Aujourd’hui, les données sont souvent insuffisantes pour que les produits correspondants puissent être commercialisés en tant que médicaments avec une promesse de guérison pour le traitement de la peau sèche pathologique. Les coûts des études pharmaceutiques à grande échelle sont énormes. Dans ce contexte, les entreprises commercialisent majoritairement les produits sous le statut réglementaire de cosmétique. Les preuves d’un effet clinique sont souvent scientifiquement insuffisantes, voire inexistantes. Pour le consommateur, il est souvent difficile d’interpréter la signification de la promesse de guérison (médicament), de la finalité médicale (dispositif médical) et de la facilité d’utilisation (produit cosmétique) (tableau 2).
Un mot sur la terminologie de produits pour le traitement de la peau sèche
De nombreux articles (brochures, dépliants, spots publicitaires, etc.) font des recommandations sur les caractéristiques des produits destinés au traitement de la peau sèche.
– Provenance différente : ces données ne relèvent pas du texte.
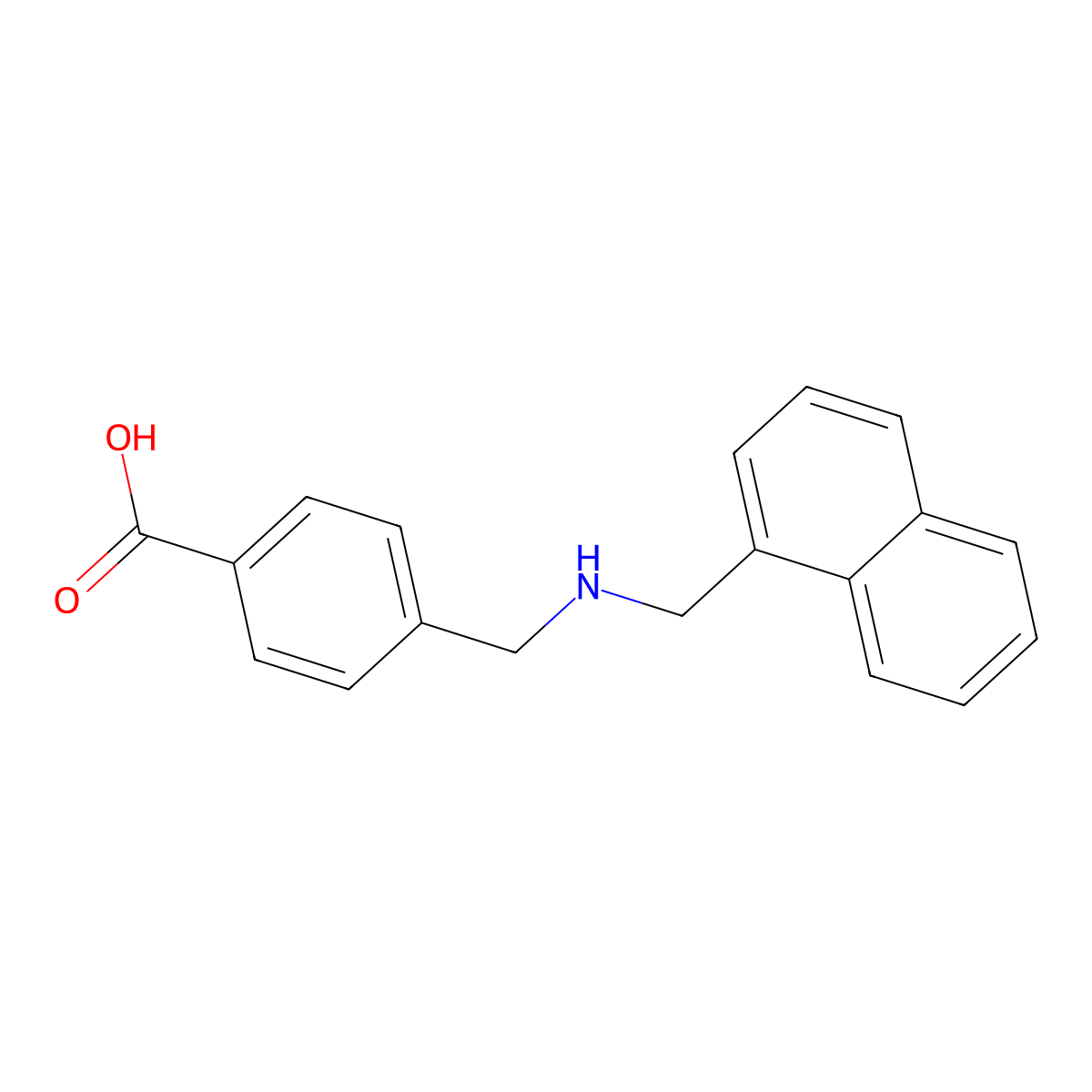 4-{[(Naphthalen-1-ylmethyl)amino]methyl}benzoic acid molecular structure, CAS 775293-41-9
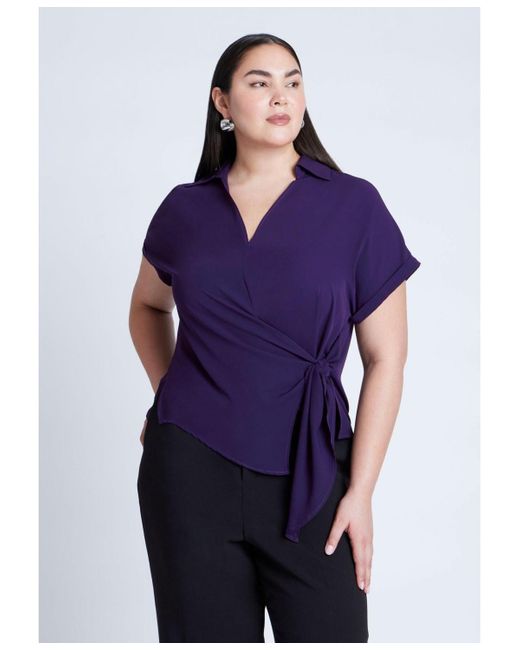 Eloquii Blue Plus Size Short Sleeve Collared Top With Waist Tie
Il n’est pas rare que la terminologie des produits destinés au traitement de la peau sèche ne soit pas utilisée de manière uniforme en fonction du groupe cible (consommateur, professionnel) et du pays/de la région.
La forme galénique elle-même (pommade, crème, etc.) a peu d’importance pour l’effet d’un produit, mais uniquement la somme des ingrédients qui restent sur la peau après l’application. Les pommades et crèmes riches en lipides sont donc plus appropriées que les pommades et crèmes pauvres en lipides. En raison de leur matrice (émulsion), les crèmes sont généralement plus faciles à étaler et sont perçues comme plus agréables par l’utilisateur. Il serait judicieux d’étiqueter les produits en fonction de leur teneur en lipides.
Les produits destinés au traitement de la peau sèche sont souvent appelés émollients. Dans le monde anglophone, le mot emollient est majoritairement compris comme la propriété d’un ingrédient. Emollient signifie “adoucissant et assouplissant” et vise à améliorer les propriétés mécaniques de la couche cornée. Le terme “démence” est rarement utilisé. Démulsification signifie apaisement (des irritations) et vise à réduire les irritations dans les microfissures. Les humectants – appelés “humectants” par les anglophones – sont des molécules hygroscopiques qui augmentent l’humidité de la couche cornée et améliorent ainsi ses propriétés mécaniques. Le terme “hydratant”, utilisé aussi bien en anglais qu’en allemand, désigne familièrement les produits qui hydratent la peau. Toutefois, la manière dont le produit agit – grâce à l’occlusion ou aux agents hydratants – reste cachée à l’utilisateur.
L’analyse sensorielle est essentielle à la réussite d’une thérapie
L’observance du traitement chez les patients atteints de sécheresse cutanée pathologique est comparativement faible. Les propriétés sensorielles des produits appliqués par voie topique jouent un rôle important à cet égard. Les propriétés telles que la pénétration, l’étalement et la sensation sur la peau après application sont très importantes pour le patient, bien qu’elles ne soient pas pertinentes en premier lieu pour l’efficacité. Les formulations de type H/E ont généralement de meilleurs résultats à cet égard que les bases avec une phase externe lipophile (type E/H). L’application simple et agréable peut être obtenue par des émulsions vaporisables ou des préparations sous forme de mousse. Un autre facteur important dans l’évaluation subjective des produits est leur odeur. L’expérience de l’industrie cosmétique nous a appris que les consommateurs préfèrent généralement un produit agréablement parfumé à un produit non parfumé. Cependant, les parfums peuvent être allergènes : Pour une meilleure tolérance, il est donc préférable de ne pas en ajouter chez les personnes sensibles.